- _DATASET EXCERPT_
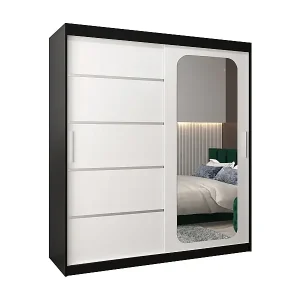 Preis Gesenkt SCHWEBETÜRENSCHRANK PROMO V2 200/180/62 2-türig (Schwarz/Weiß)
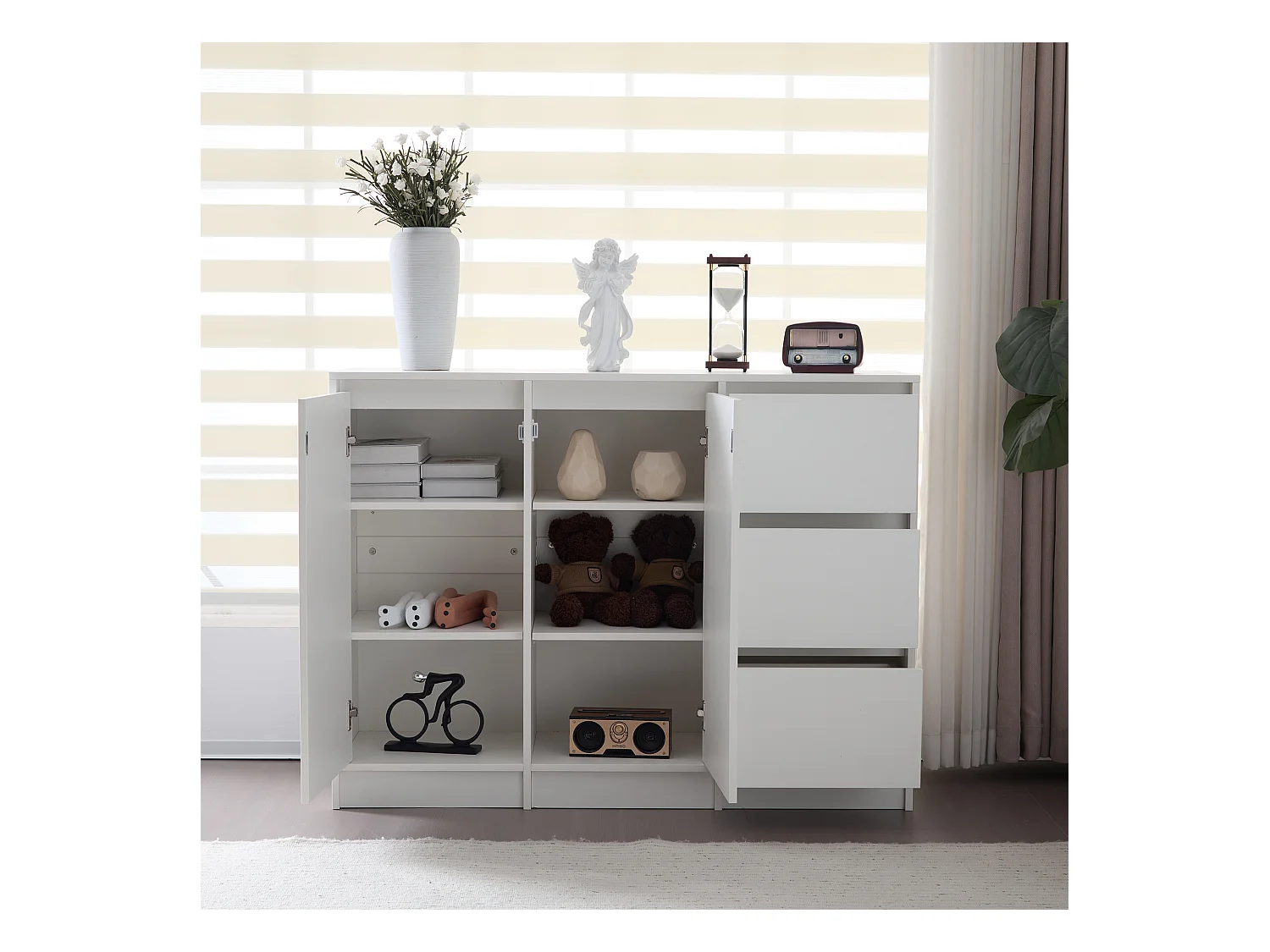 Modernes Sideboard mit 3 Schubladen und 2 Türen – 120 x 35 x 90 cm – Spanplatte – Weiß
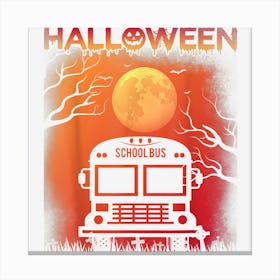 Halloween Themed Vintage School Bus Driver Halloween Holiday Canvas Print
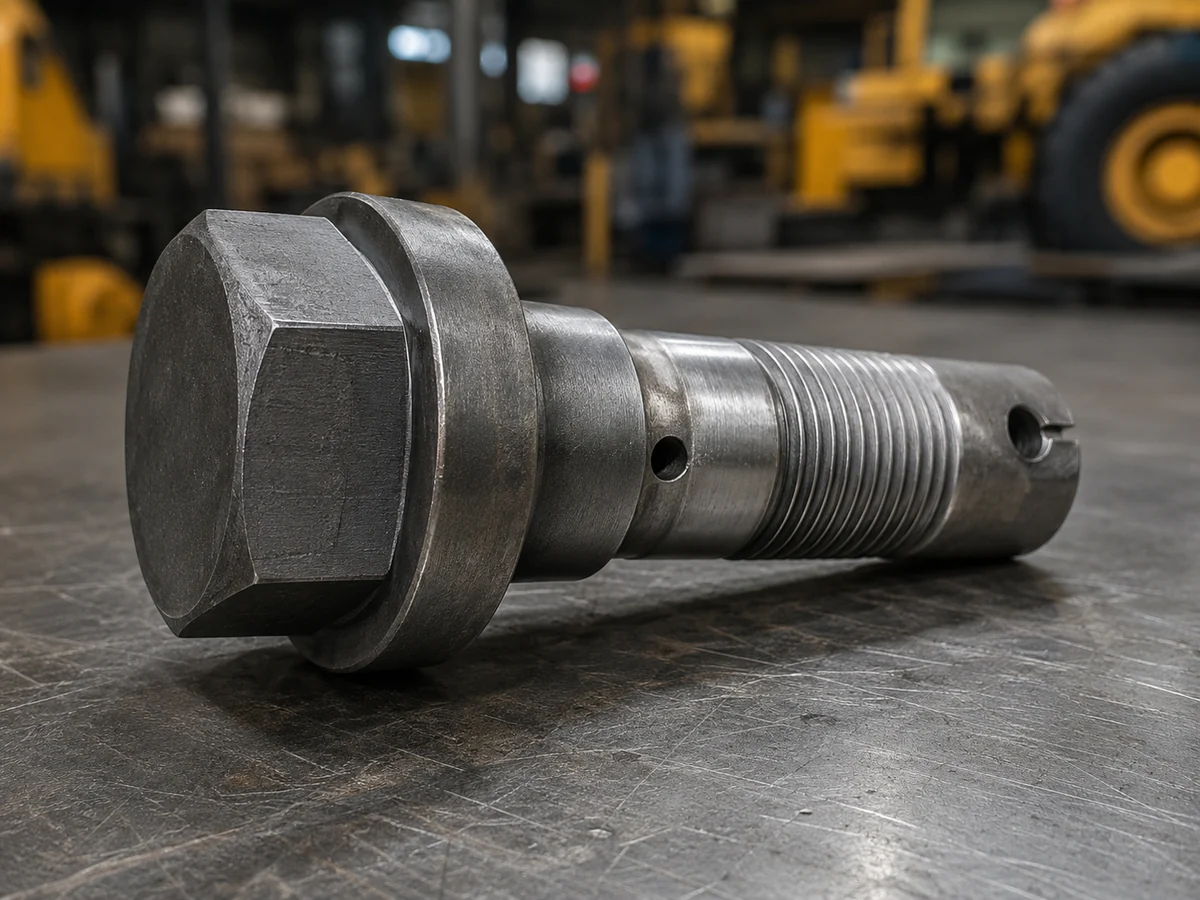 Custom hex head flanged hollow bolt machined from bar by EKINSUN — machined hex head, integral flange, stepped shank and cross-drilled port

- _WHAT YOU WILL DO_
Starting at the line that holds "Modernes Sideboard mit", copy each line exactly through the end of the listing, both ends included. Leave the pictures out.

- _RESULT OF THE EXERCISE_
 Modernes Sideboard mit 3 Schubladen und 2 Türen – 120 x 35 x 90 cm – Spanplatte – Weiß
 Halloween Themed Vintage School Bus Driver Halloween Holiday Canvas Print
 Custom hex head flanged hollow bolt machined from bar by EKINSUN — machined hex head, integral flange, stepped shank and cross-drilled port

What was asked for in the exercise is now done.